WORK INSTRUCTION
Transcribe exactly, leaving out pictures, the lines from the one that holds "VIGO Davidson Single" through the end of the data below, including both end lines and no others.

INPUT DATA
● ● ● ● ● ● ●

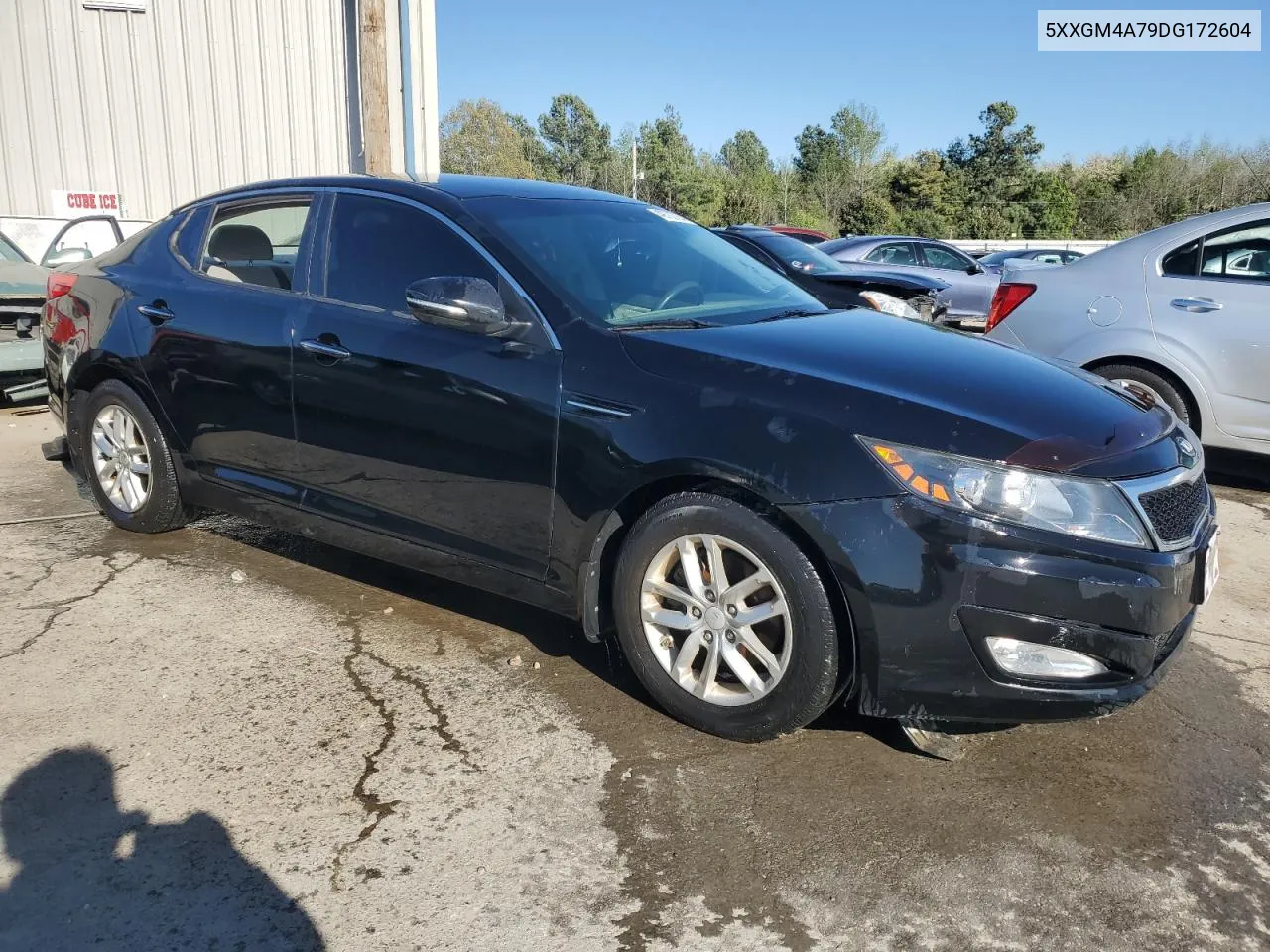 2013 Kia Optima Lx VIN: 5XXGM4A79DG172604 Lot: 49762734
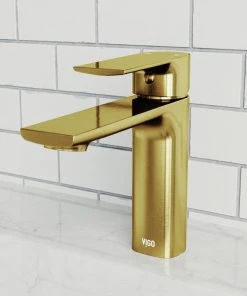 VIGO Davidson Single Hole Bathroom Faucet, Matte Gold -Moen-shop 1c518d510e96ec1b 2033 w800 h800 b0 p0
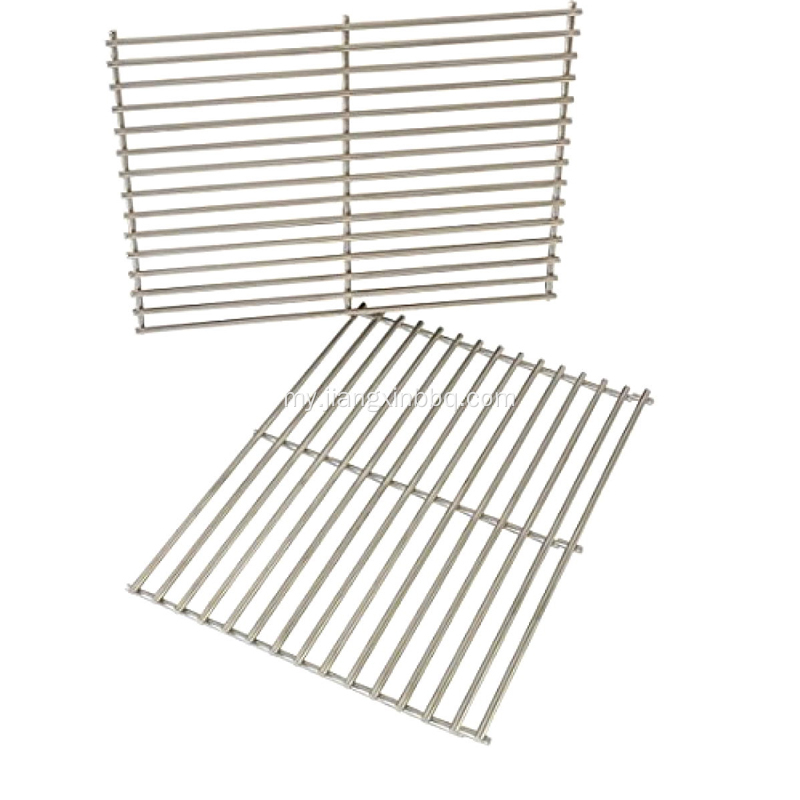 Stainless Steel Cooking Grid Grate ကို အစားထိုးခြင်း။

● ● ● ● ● ● ●

EXERCISE ANSWER
 VIGO Davidson Single Hole Bathroom Faucet, Matte Gold -Moen-shop 1c518d510e96ec1b 2033 w800 h800 b0 p0
 Stainless Steel Cooking Grid Grate ကို အစားထိုးခြင်း။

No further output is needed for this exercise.